Ogni scusa è buona, ormai, per inscenare una protesta. Stavolta, il bersaglio è stato uno dei matrimoni più chiacchierati dell’anno, quello tra Bezos e la giornalista statunitense Lauren Sánchez. Nell’ultimo giorno di festeggiamenti, centinaia di persone hanno attraversato Venezia per denunciare, a loro dire, lo “sfruttamento” della città da parte dei miliardari globali. Ma verrebbe da chiedere: quanti di quei manifestanti non hanno mai ordinato nulla su Amazon? Quanta coerenza può vantare chi brandisce cartelli contro il capitalismo mentre usa uno smartphone made in Silicon Valley?

Il corteo, promosso dal comitato “No Space for Bezos”, è partito dalla stazione ferroviaria e ha raggiunto campo Erbaria, ai piedi del Ponte di Rialto. Striscioni, gonfiabili, persino un carro allegorico con un manichino di Bezos che stringe scatole Amazon e dollari falsi: il messaggio, almeno visivamente, era chiaro. Lunedì, altri attivisti si sono uniti a Greenpeace e al gruppo britannico “Everyone Hates Elon”, inscenando anche una distruzione simbolica di auto Tesla e srotolando un enorme striscione in Piazza San Marco: “Se puoi affittare Venezia per il tuo matrimonio, puoi pagare più tasse”.

La protesta, spiegano gli organizzatori, non è contro il matrimonio in sé, ma contro ciò che rappresenta: “Non stiamo protestando contro le nozze – ha dichiarato Marta Sottoriva a Euronews – ma contro la visione di Venezia come città da consumare”. Parole che suonano nobili, ma rischiano di perdersi nella solita retorica.

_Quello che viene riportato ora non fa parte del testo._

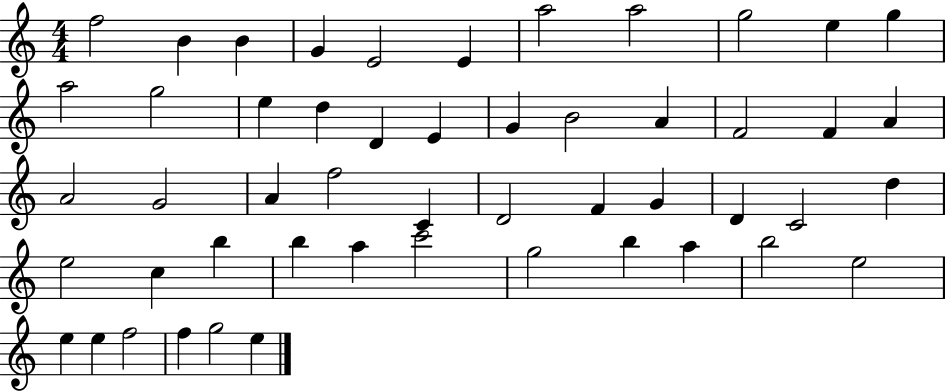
X:1
T:Untitled
M:4/4
L:1/4
K:C
f2 B B G E2 E a2 a2 g2 e g a2 g2 e d D E G B2 A F2 F A A2 G2 A f2 C D2 F G D C2 d e2 c b b a c'2 g2 b a b2 e2 e e f2 f g2 e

Che Bezos sia un personaggio divisivo è fuori discussione. Ma non dovrebbe forse renderci orgogliosi che, ancora una volta, chi può scegliere qualsiasi luogo al mondo, abbia scelto l’Italia? Mentre c’è chi grida allo scandalo, chi può permetterselo continua a investire nel nostro paese, riconoscendone la bellezza, il valore e il fascino. Una riflessione più onesta e meno ideologica su questo dato non sarebbe forse più utile di una sfilata di slogan?

In un’epoca dove l’incoerenza è diventata quasi una virtù, forse dovremmo smettere di scandalizzarci e cominciare a domandarci perché chi ha il mondo a disposizione continui a scegliere proprio il nostro Bel Paese.